The transformation from the sensor’s coordinate system to the global coordinate system was manually measured and has an unknown accuracy. However, the transformation only affects which points are removed by the crop-filter, and thus does not directly affect the compression performance. All experiments were conducted using live point cloud streams.

2.8. Multisensor Setup

For the denoising results presented in Section 3.4, all six sensor nodes were used. The sensors were placed along the outer peripheral of the lab and manually calibrated based on the method in [16]. Calibration of the camera intrinsic parameters was performed according to [17]. Note that, compared to the setup in [16], some of the sensors’ mounting locations have been moved such that the monitored area is smaller. Work has also been done to create an automatic calibration scheme for the same industrial lab. These results have been submitted and are currently under review in [18].

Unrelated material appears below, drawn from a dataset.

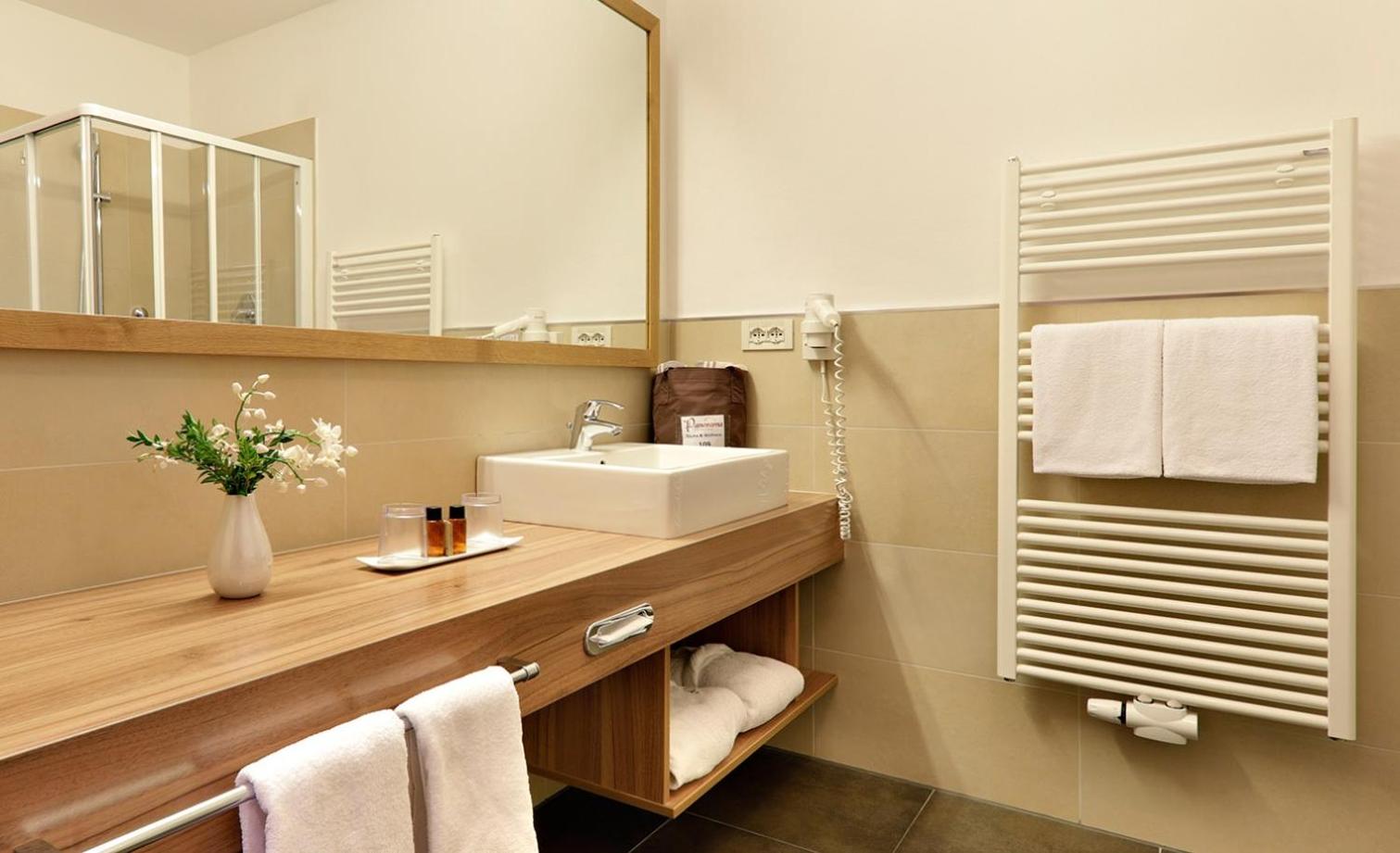 Deluxe Double Room with Balcony photo 2
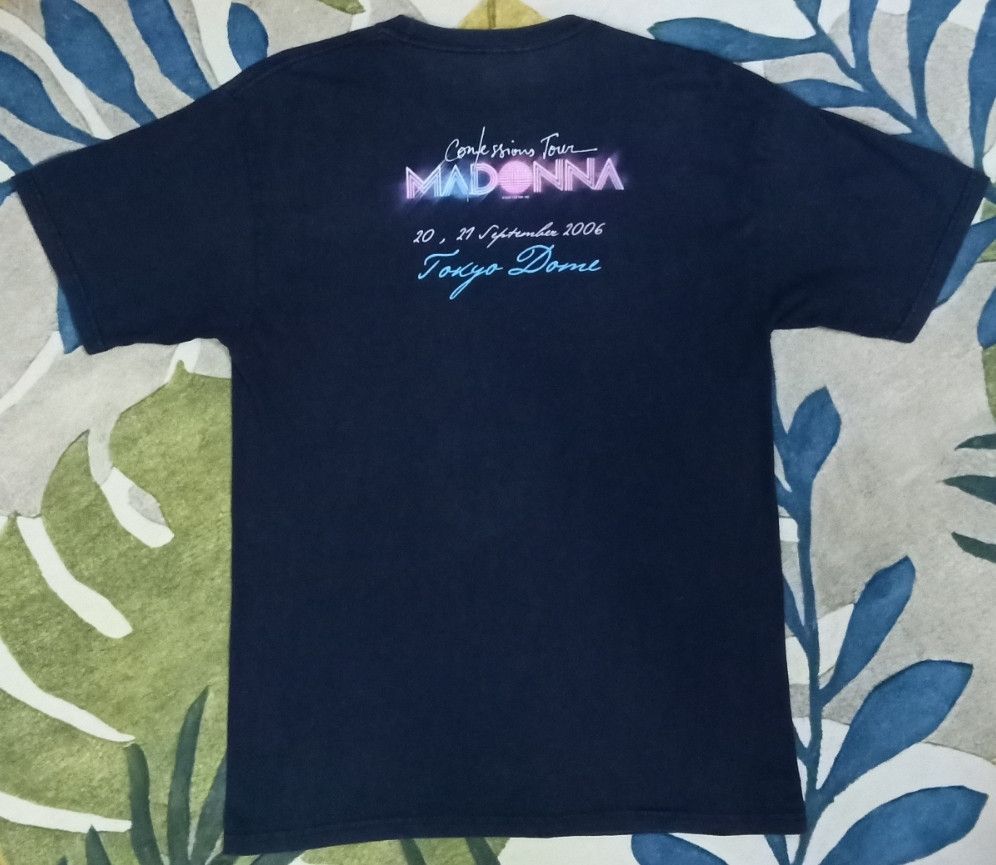 Band Tees Vintage Madonna Confession Tour 2006 Tokyo Dome T-shirt Size US M / EU 48-50 / 2 - 12 Thumbnail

Table 1. Calibrated sensor positions in meters and orientations in degrees. The positions are in the global coordinate system. N corresponds to the sensor number.

N	X	Y	Z	RotZ	RotY	RotX
1	7.798	0.496	4.175	40.170	0.639	−136.170
2	1.729	0.501	4.135	−45.253	2.063	−141.490
3	9.522	5.275	4.353	88.439	−0.072	−143.461
4	0.553	4.995	4.353	−89.208	−0.495	−145.591
5	8.879	9.192	4.194	126.733	−1.311	−139.272
6	0.559	9.136	4.145	−121.458	−0.487	−137.562

shows the locations of the sensors in the global coordinate system.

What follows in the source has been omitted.